Central Texas - It would not come as a surprise to know central Texas has a large population of undocumented immigrants. But the way the government interacts with those immigrants may soon change.
President elect Donald Trump has been calling for a substantial change in policy compared to that currently followed by the Department of Homeland Security and, by extension, Immigration and Customs Enforcement (ICE) which operates under DHS.
Last year ICE deported 78,114 individuals from south and central Texas according to data provided by the regional ICE office in San Antonio. That is nearly 17 percent of the 462,463 removed from the United States in 2015.
While a large percentage relative to the rest of the country, it is far from representing the total number of undocumented immigrants ICE came in contact with.
According to a Department of Homeland Security Memorandum sent out in November of 2014 by DHS Secretary Jeh Charles Johnson, ICE and the border patrol (U.S. Customs and Border Protection) were to follow certain guidelines when it came to removing undocumented immigrants.
Priority 1 immigrants and Priority 2 immigrants where those who had committed crimes ranging from felonies to multiple misdemeanors or those that "pose a danger to national security."
Priority 3 immigrants however, would not necessarily be removed from the country as the report gives immigration officials a choice on how to handle those cases.
The memorandum states:
Priority 3 aliens should generally be removed unless they qualify for asylum or another form of relief under our laws or, unless, in the judgment of an immigration officer, the alien is not a threat to the integrity of the immigration system or there are factors suggesting the alien should not be an enforcement priority.
In a 2015 ICE reporter on deportations, ICE reporters that almost 94 percent of deportations were Priority 1 or Priority 2. Just 4 percent were Priority 3 deportations.
Under a Trump administration however, "Priority 3" noncriminal aliens may not be identified as lower priority and would be subject to deportation.
Trump administration priorities, as detailed on his website, state:
- End catch and release. Under a Trump administration, anyone who illegally crosses the border will be detained until they are removed out of our country.
- All immigration laws will be enforced - we will triple the number of ICE agents.Anyone who enters the U.S. illegally is subject to deportation.
In the last presidential debate, Trump stated "One of my first acts will to be get all of the drug lords, all of the the bad ones... we have to get them out, we have to secure the border, once the border is secured at a later date we will make a determination as to the rest."
Trump also does not support a pathway to citizenship or legal residence for undocumented immigrants.
Justin Estep, the Director of Immigration Legal Services at Catholic Charities of Central Texas, said that currently there are few options for undocumented individuals that don't end in deportation -- even if they have not committed any crimes.

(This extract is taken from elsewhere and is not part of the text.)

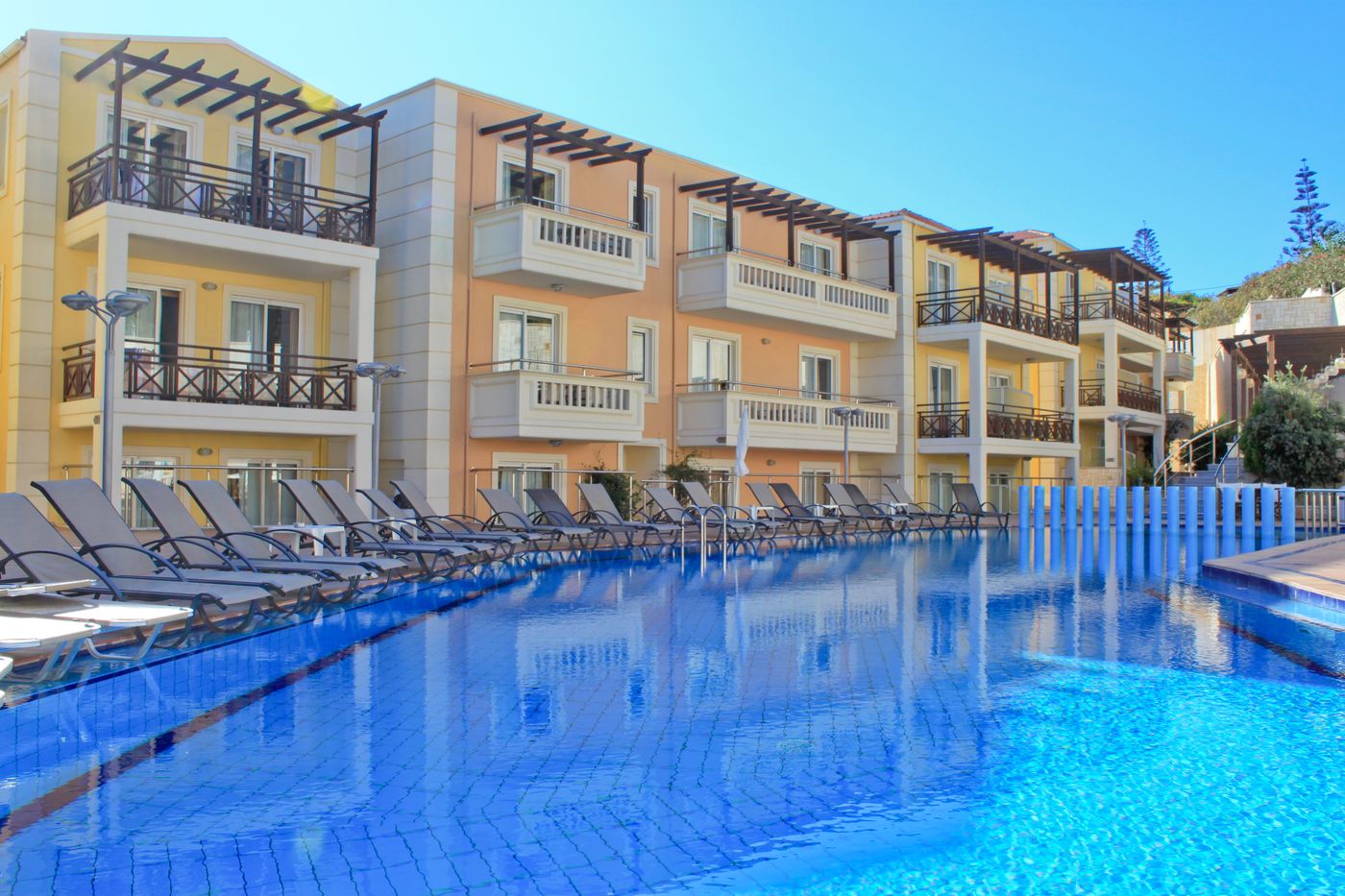Porto-Kalamaki-Hotel-Apartments-Pool-1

"To qualify for deferred action you have to have come here as a child and be age thirty-five or younger. Outside of that you could try to get asylum or something to that affect," Estep said. "Hiring a lawyer isn't going to do much for you. We do consultations all the time were people all the time... and we just have to let them know 'unfortunately at this time there is no process for you.'"
Channel 6 News has requested information from ICE on the number undocumented immigrants that that they detain but do not deport in our area each year. They have not provided that information at this time.